*** RECORDS FOR THIS TASK ***
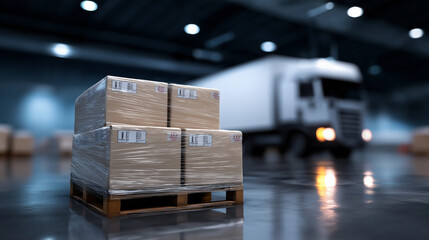 A loaded pallet in front of a delivery truck positioned at a warehouse loading dock in low evening light.
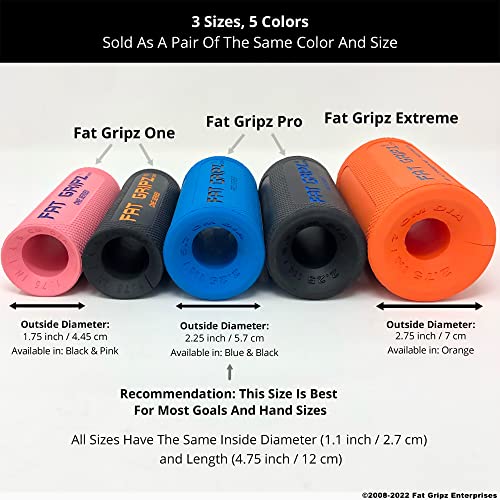 Fat Gripz Pro - La Forma mas Simple y comprobada de Obtener bíceps y antebrazos mas Grandes de Forma rápida (diámetro Externo de 5,7cm) (Utilizado por Muchos Jugadores de la NFL) (Azul/Negro)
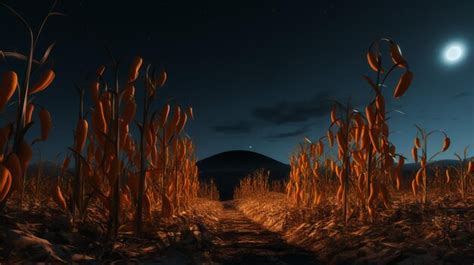 Premium AI Image | corn field for running on Halloween day Halloween background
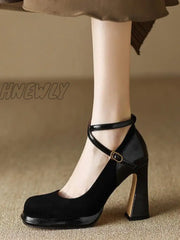 Hnewly - Buckle Square-Toe Mary Janes Black / Us 6 | Eu 36 2/3 Uk 4 Cn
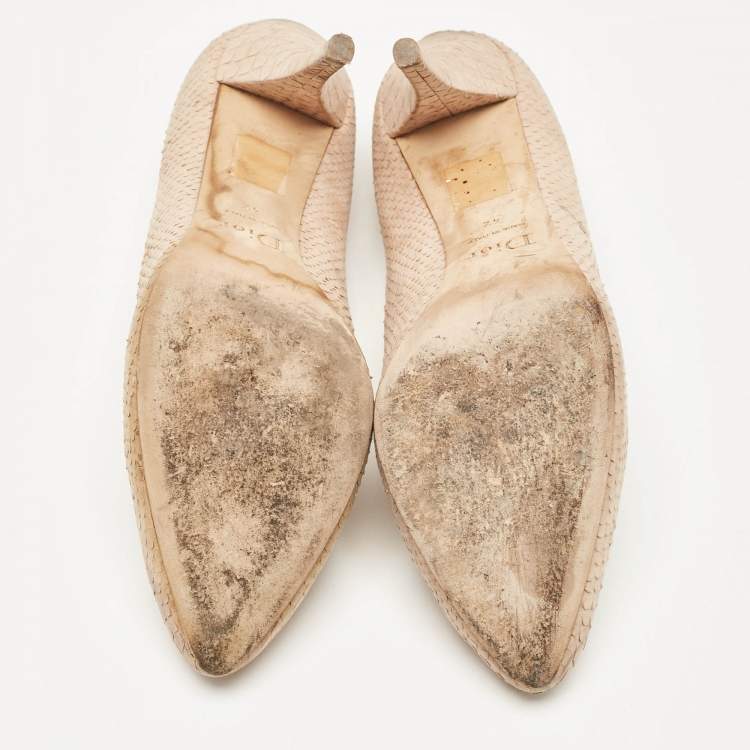 Pre Owned Dior Beige Embossed Python Round Toe Pumps Size 42
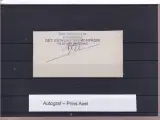 Autograf - Prins Axel - Ø.K.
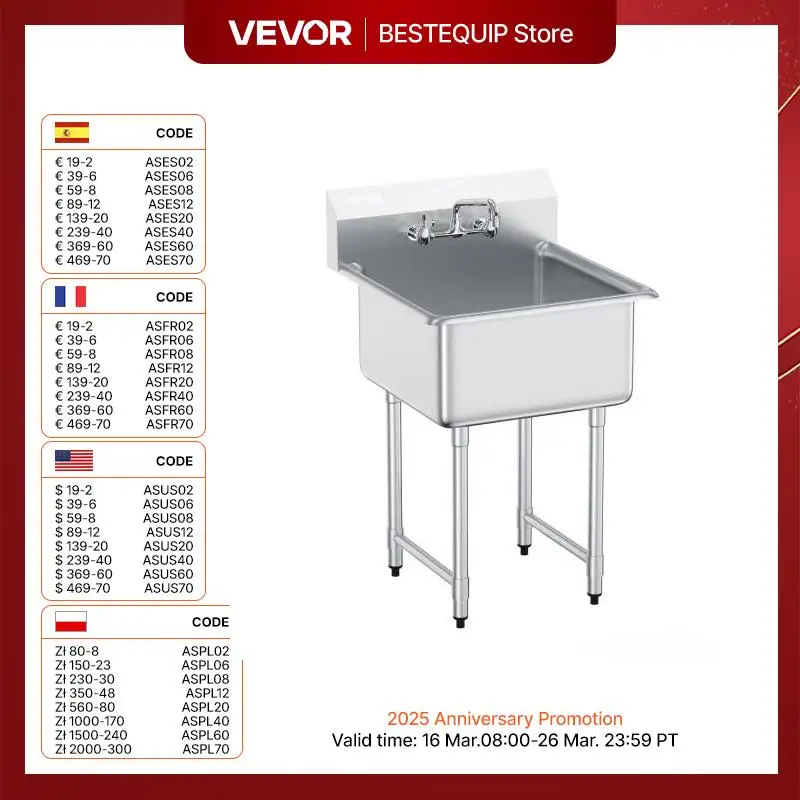 VEVOR Stainless Steel Kitchen Prep & Utility Sink 1 Compartment Restaurant Commercial Steel Sink w/Faucet for Restaurant Home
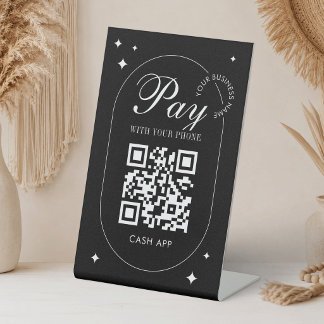 QR Code Venmo-betaling Minimalistisch Scan om te b Reclamebord Met Voetstuk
***
## DIRECTIONS
Your task is to set down every entry exactly, leaving out any picture it contains.

## ANSWER
 A loaded pallet in front of a delivery truck positioned at a warehouse loading dock in low evening light.
 Fat Gripz Pro - La Forma mas Simple y comprobada de Obtener bíceps y antebrazos mas Grandes de Forma rápida (diámetro Externo de 5,7cm) (Utilizado por Muchos Jugadores de la NFL) (Azul/Negro)
 Premium AI Image | corn field for running on Halloween day Halloween background
 Hnewly - Buckle Square-Toe Mary Janes Black / Us 6 | Eu 36 2/3 Uk 4 Cn
 Pre Owned Dior Beige Embossed Python Round Toe Pumps Size 42
 Autograf - Prins Axel - Ø.K.
 VEVOR Stainless Steel Kitchen Prep & Utility Sink 1 Compartment Restaurant Commercial Steel Sink w/Faucet for Restaurant Home
 QR Code Venmo-betaling Minimalistisch Scan om te b Reclamebord Met Voetstuk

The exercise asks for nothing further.